### EXERCISE
All the data below goes into the copy word for word, but the pictures don't.

### GIVEN INFORMATION
........

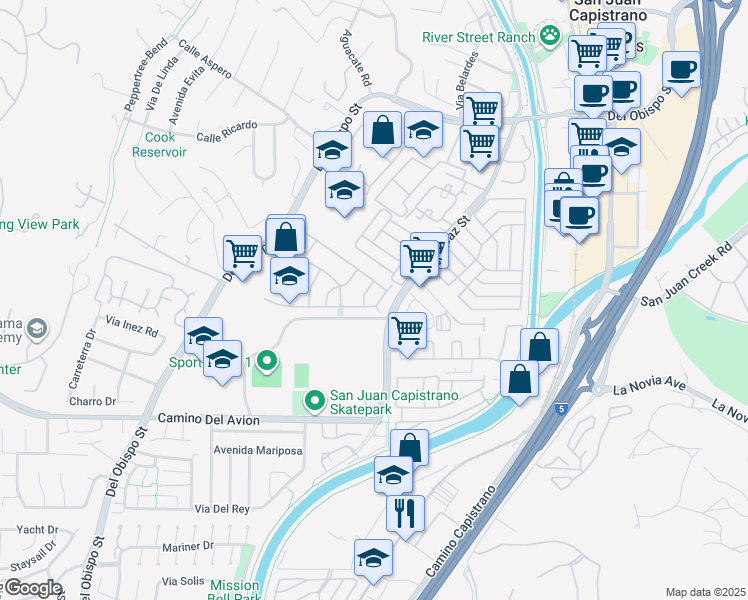 map of restaurants, bars, coffee shops, grocery stores, and more near 26237 Meadow Drive in San Juan Capistrano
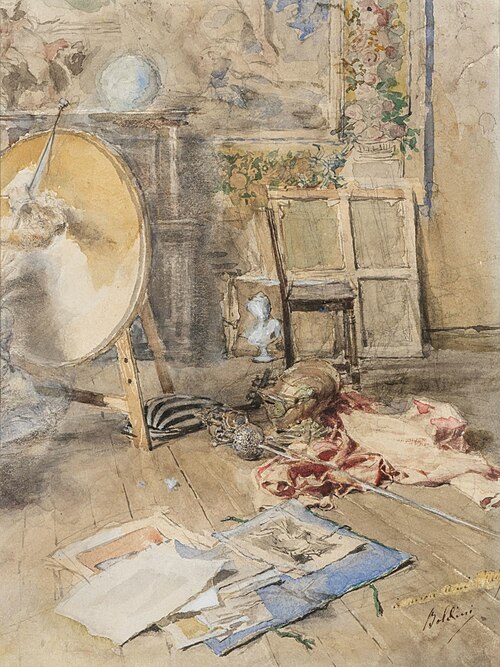 The artist's studio, 1874, Giovanni Boldini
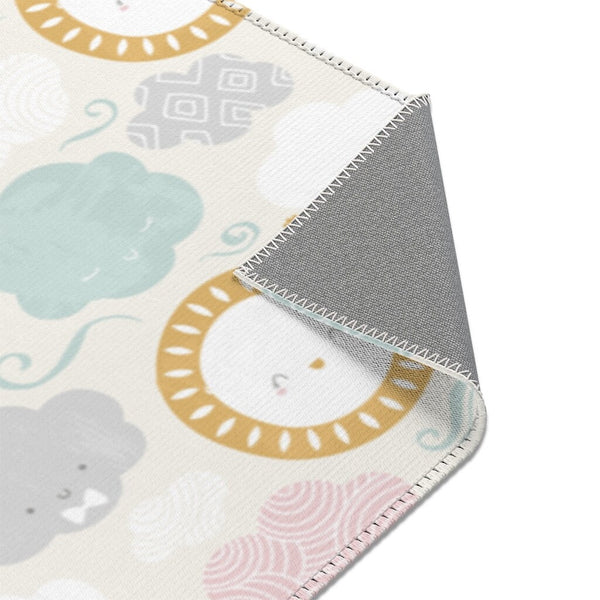 Cloud Area Rugs, Kid's Area Rug, Nursery Area Rug, Cloud Print Rug, Scandinavian Print Rug, Cloud Theme Nursery, Playroom Rug, Kid's Decor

........

### RESPONSE BOX
 map of restaurants, bars, coffee shops, grocery stores, and more near 26237 Meadow Drive in San Juan Capistrano
 The artist's studio, 1874, Giovanni Boldini
 Cloud Area Rugs, Kid's Area Rug, Nursery Area Rug, Cloud Print Rug, Scandinavian Print Rug, Cloud Theme Nursery, Playroom Rug, Kid's Decor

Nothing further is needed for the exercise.